-- BRIEF --
Please output only the lines running from the one that contains "5415 Moraga Court, Bakersfield, CA 93314" through the last line of the data below, exactly as they stand, with no pictures.

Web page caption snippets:

[Start of Attachment]

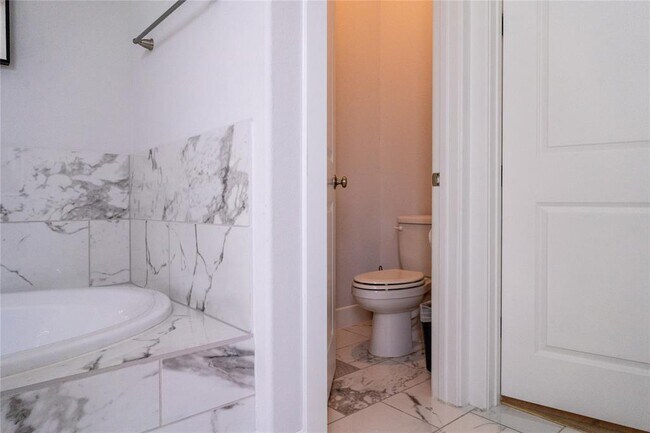 Building Photo - 96 Madrone Terrace Pl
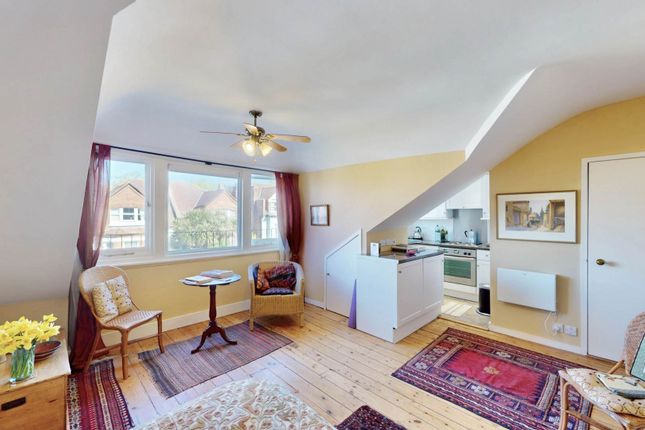 Flat 5, Talbot Road, London photo 4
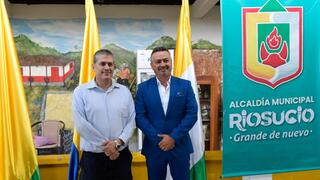 Dagan junto al alcalde Tamayo Bustamante. 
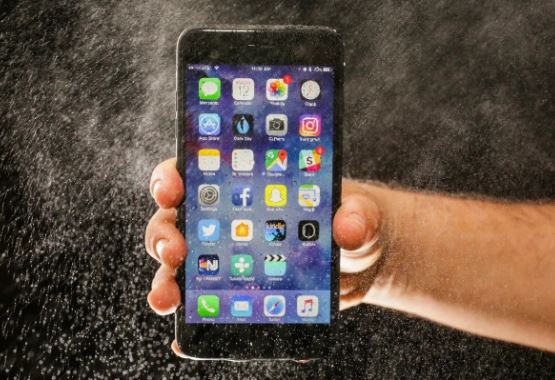 Huyền thoại iPhone 7 Plus bỗng hot trở lại vì chụp được ảnh thơ hơn iPhone 16 Pro Max, giá siêu rẻ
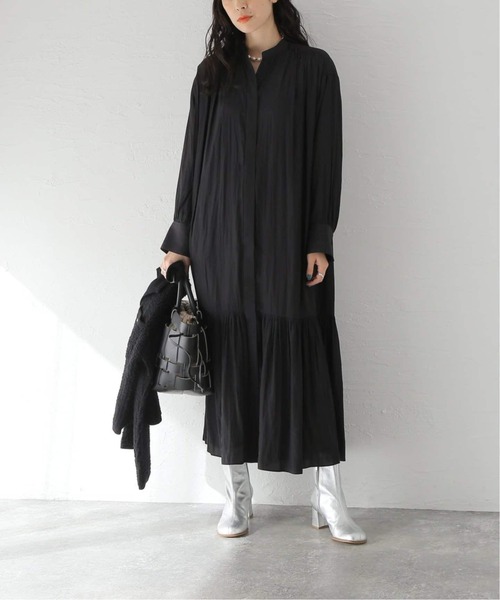 journal standard L'essage（ジャーナルスタンダードレサージュ）の「《追加》ストライプ/デシンマキシティアードワンピース（ワンピース・レディース・ブラック/クリアブルー/キャメル・FREE）」の14枚目の写真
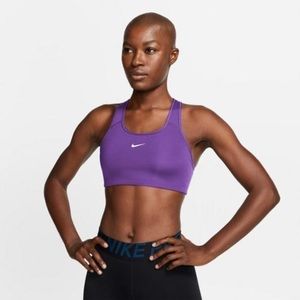 Nike • Swoosh Medium Padded Sports Bra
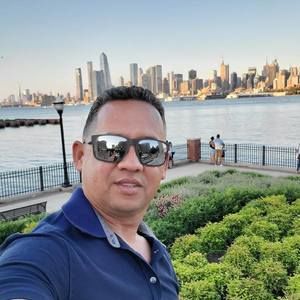 Meet your Posher, Felix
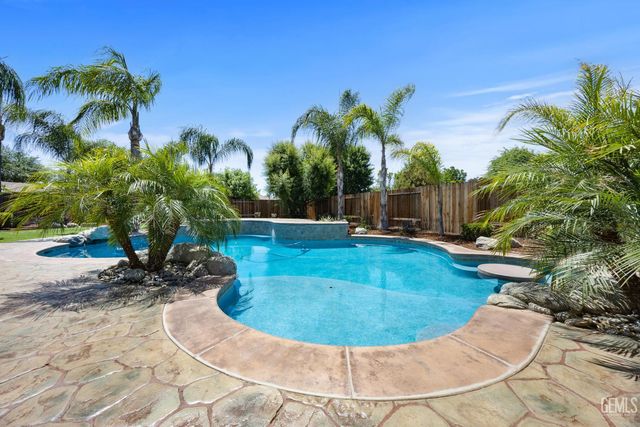 5415 Moraga Court, Bakersfield, CA 93314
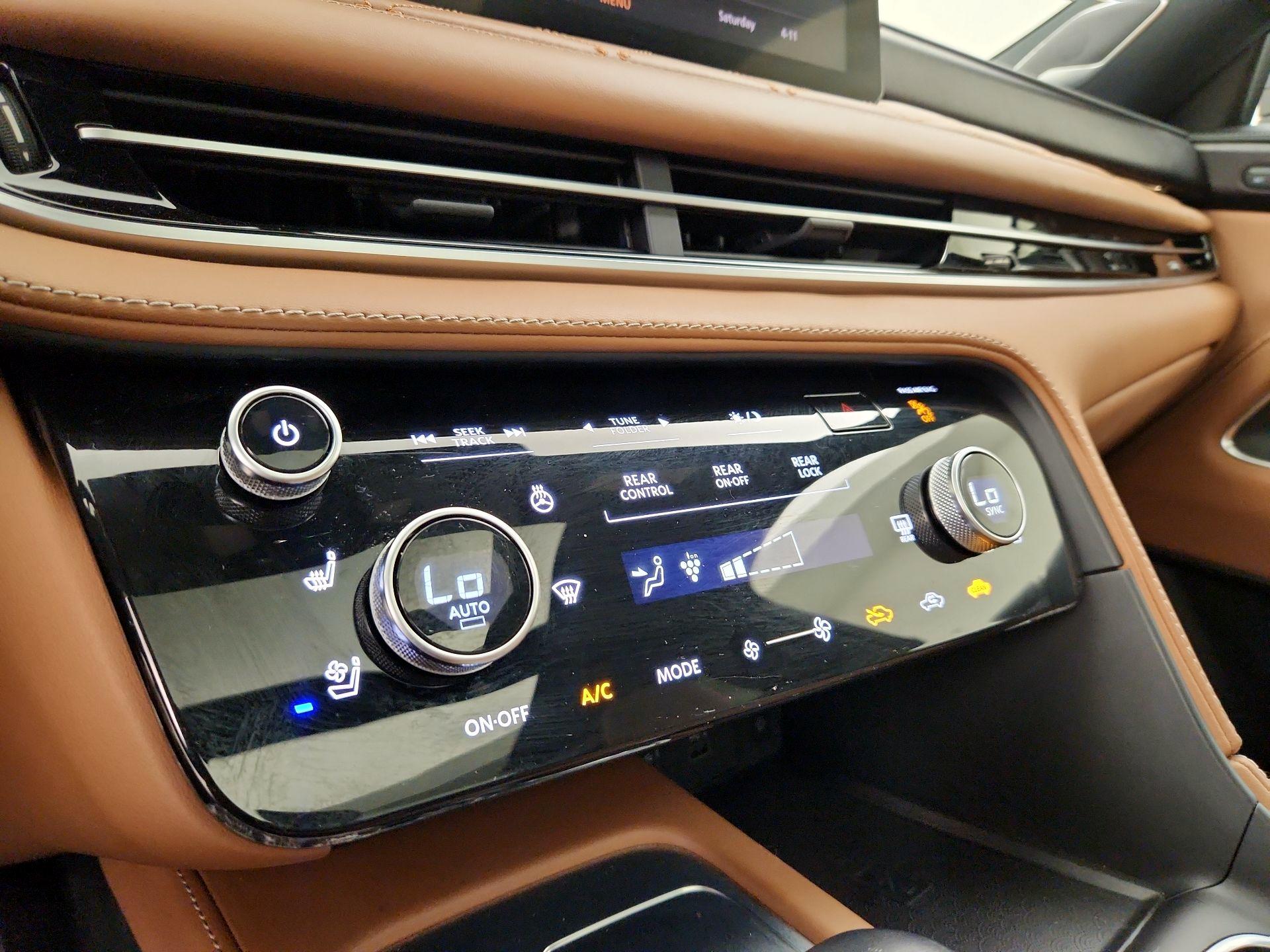 Thumbnail: 2023 INFINITI QX60 - 17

[End of Attachment]

-- RESPONSE AREA --
 5415 Moraga Court, Bakersfield, CA 93314
 Thumbnail: 2023 INFINITI QX60 - 17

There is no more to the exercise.